Math 225

Introduction to Biostatistics

Final Exam Review

Exploratory Data Analysis

Concepts:

Mean, median, standard deviation, variance, skewness, histogram, boxplot, quartiles, interquartile range, categorical and quantitative variables.

Sample multiple choice problem:

A five number summary of exam scores is 17, 66, 76, 85, 97. A histogram of scores is unimodal with a peak near 75 and the left tail extending longer than the right tail.

(a) The exam scores are skewed to the right.
(b) The mean exam score is 76.
(c) The standard deviation is greater than 4.
(d) The standard deviation is the square root of the variance.
(e) The interquartile range is 19.

Solution

(a) is false because the scores are skewed to the left.
(b) is false. The median score is 76.
(c) is true. We do not know the standard deviation exactly, but a typical distance from the mean must be larger than four if the quartiles are so spread.
(d) is true.
(e) is true. 85 - 66=19.

Probability

Concepts:

Probability, outcome space, event, independence, mutual exclusive events, addition principle, multiplication principle, inclusion-exclusion, factorials, permutation, combinations, conditional probability, Bayes Rule, sensitivity, specificity, prevalence rate, false positive rate, false negative rate, predictive value, the binomial distribution, the Poisson distribution, the normal distribution, standard normal distribution, sampling distributions, the central limit theorem, population, sample, parameter, statistic, random variable, simple random sample,

Sample multiple choice problem:

The distribution of volumes of soda in cans is normal with a mean of 12.2 ounces and a standard deviation of 0.1 ounces.

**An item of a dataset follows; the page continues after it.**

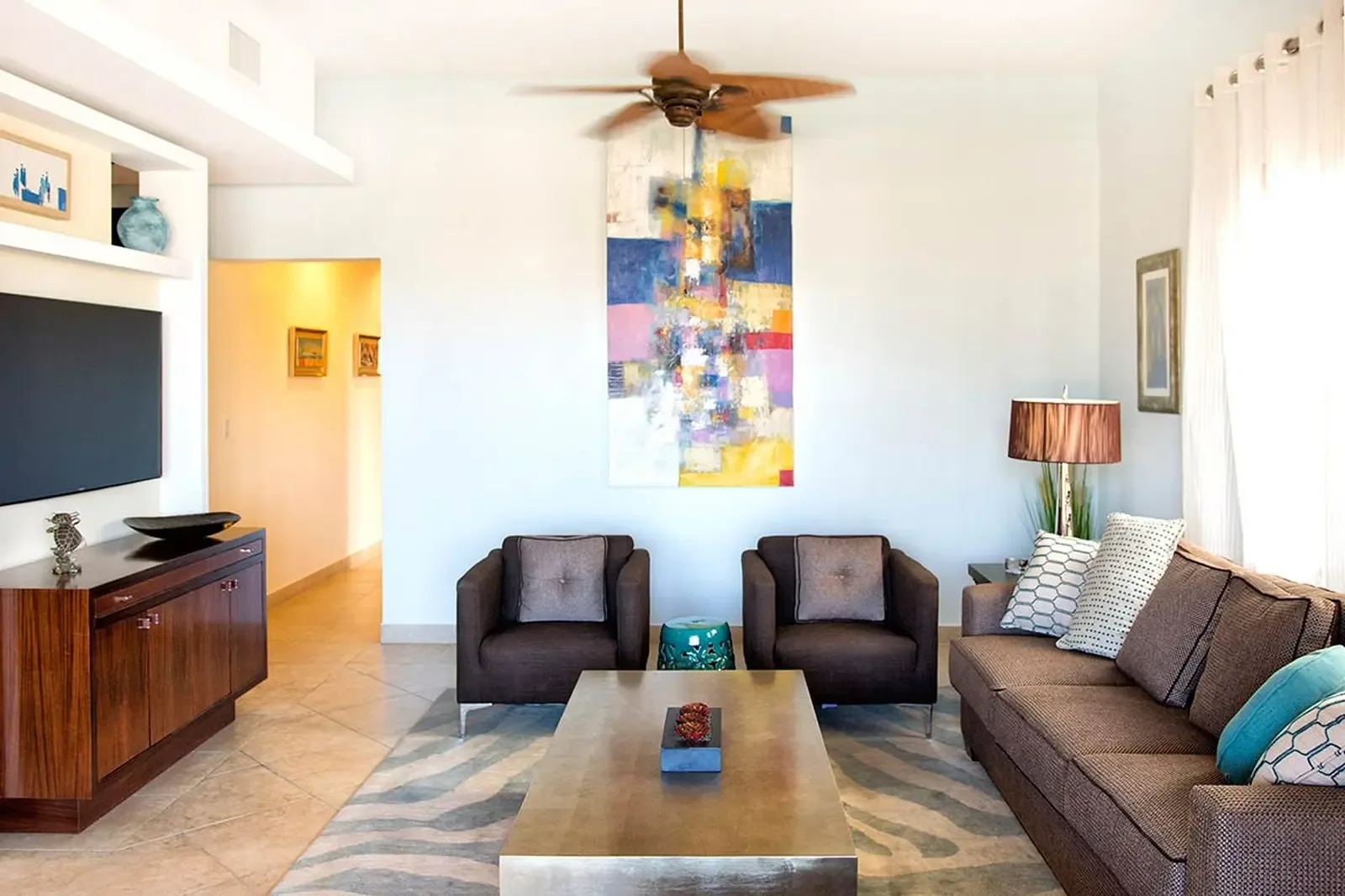 Floor-to-ceiling glass dissolves the boundary between interior and exterior, flooding a sunlit living room with tropical light and garden views.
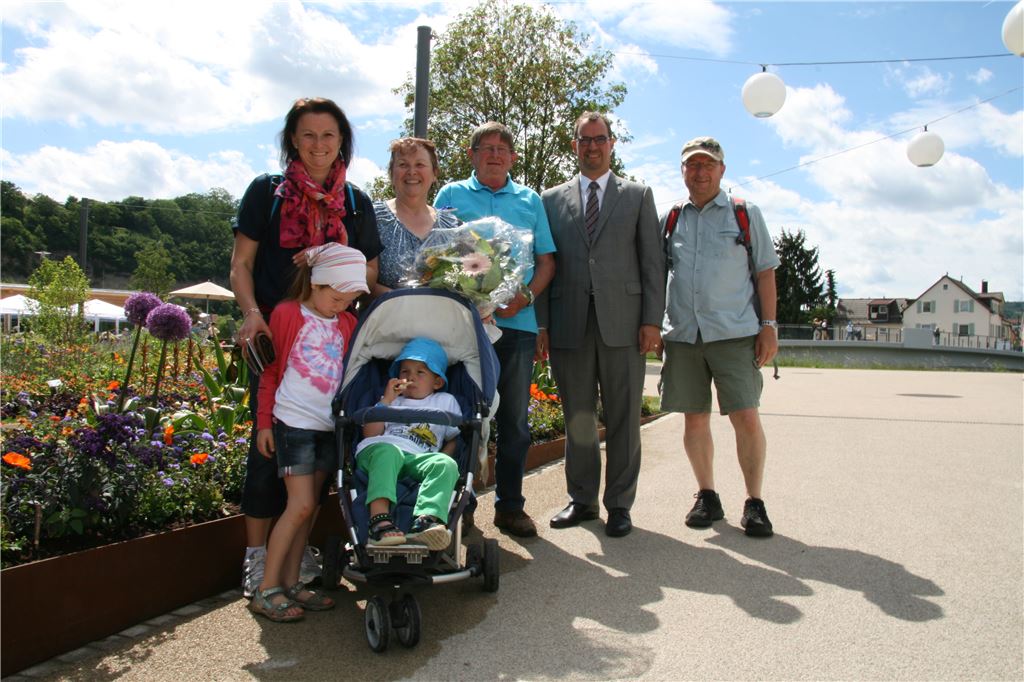 Edith Trost aus Neuffen im Kreise Ihrer Familie (4. v. r.), nachdem sie von Oberbürgermeister Frank Schneider (2. v. r.) als 100.000ste Besucherin der Gartenschau Mühlacker mit einem Blumenstrauß und einem Gartenschauwein überrascht worden war. Foto: pm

(a) The proportion of soda cans with less than 12 ounces of soda is about 16%.
(b) The median of the distribution is 12.2 ounces.
(c) The proportion of soda cans with between 12.1 and 12.2 ounces of soda is about 34%.
(d) In a sample of 25 soda cans, the sample mean is about 95% likely to fall between 12.16 and 12.24 ounces.
(e) The sampling distribution of the sample mean from this population is normal for any sample size.

Solution

(a) is false. About 16% of the cans are more than one standard deviation below the mean. 12 ounces is two stsandard deviations below the mean.
(b) is true. Normal curves are symmetric about the mean.
(c) is true. About 68% is within one standard deviation of the mean, above or below. Half of these will be below the mean.
(d) is true. The CLT tells us the sampling distribution of the sample mean in this problem will be normal with a mean of 12.2 ounces and SE 0.02. The middle 95% of this distribution is the interval given.
(e) is true.

Sample quantitative problems:

You may use these facts:

The mean of the binomial distribution is np.
The standard deviation of the binomial distribution is sqrt(np(1-p)).
Recall the 68-95-99.7 rule for normal distributions.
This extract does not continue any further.